■ **TO DO**:
In your copy, leave out the pictures; write out all the data exactly.

[[ STORED DATA, beginning ]]

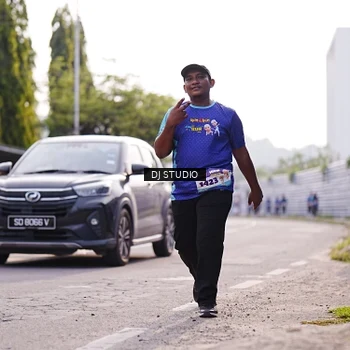 Runner Photo 8387373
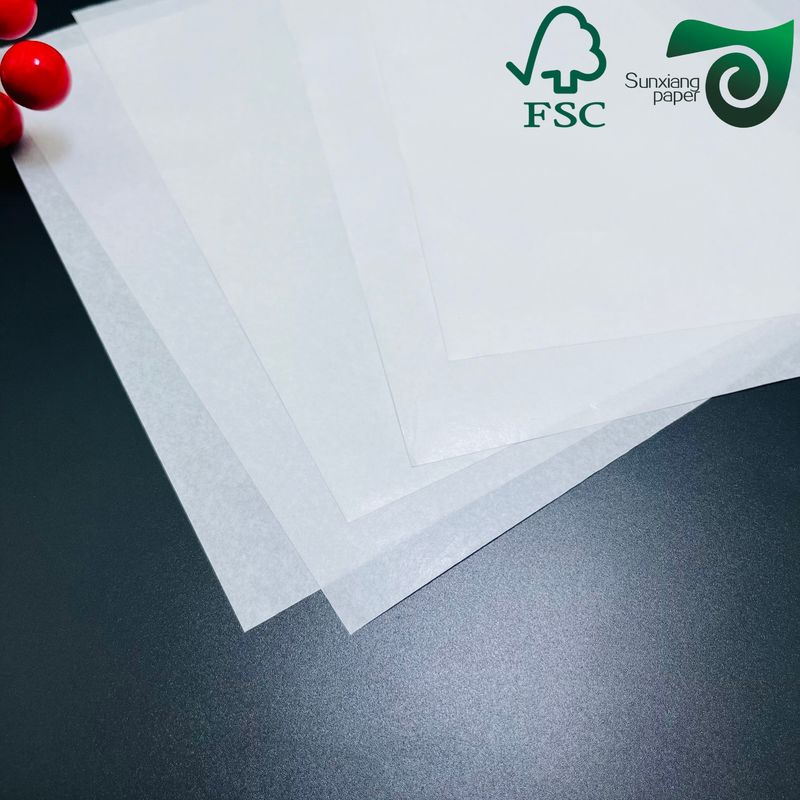 FSC 40gsm 50gsm Jumbo Roll Grease Proof Paper With Easy Slip Property Kit Sizes 3 5  7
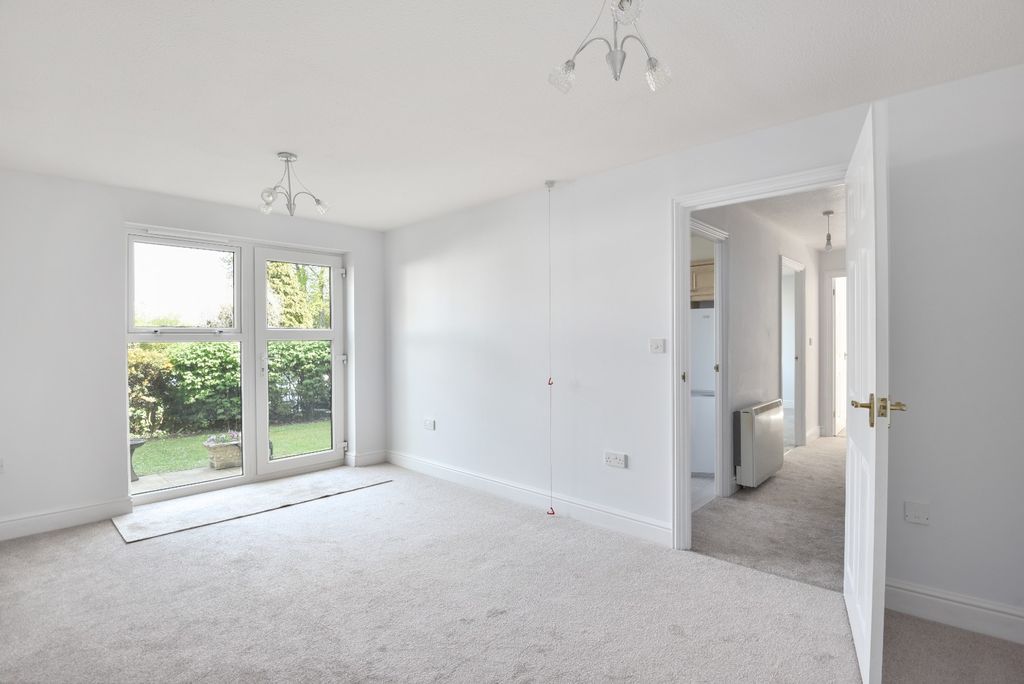 Property photo 1 of 19 4180085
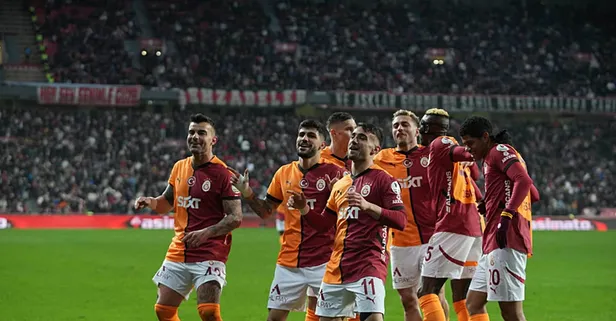 Galatasaray'da beklenen imzalar atılıyor Gelecek garanti altına alındı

[[ STORED DATA, end ]]

■ **SOLUTION**:
 Runner Photo 8387373
 FSC 40gsm 50gsm Jumbo Roll Grease Proof Paper With Easy Slip Property Kit Sizes 3 5  7
 Property photo 1 of 19 4180085
 Galatasaray'da beklenen imzalar atılıyor Gelecek garanti altına alındı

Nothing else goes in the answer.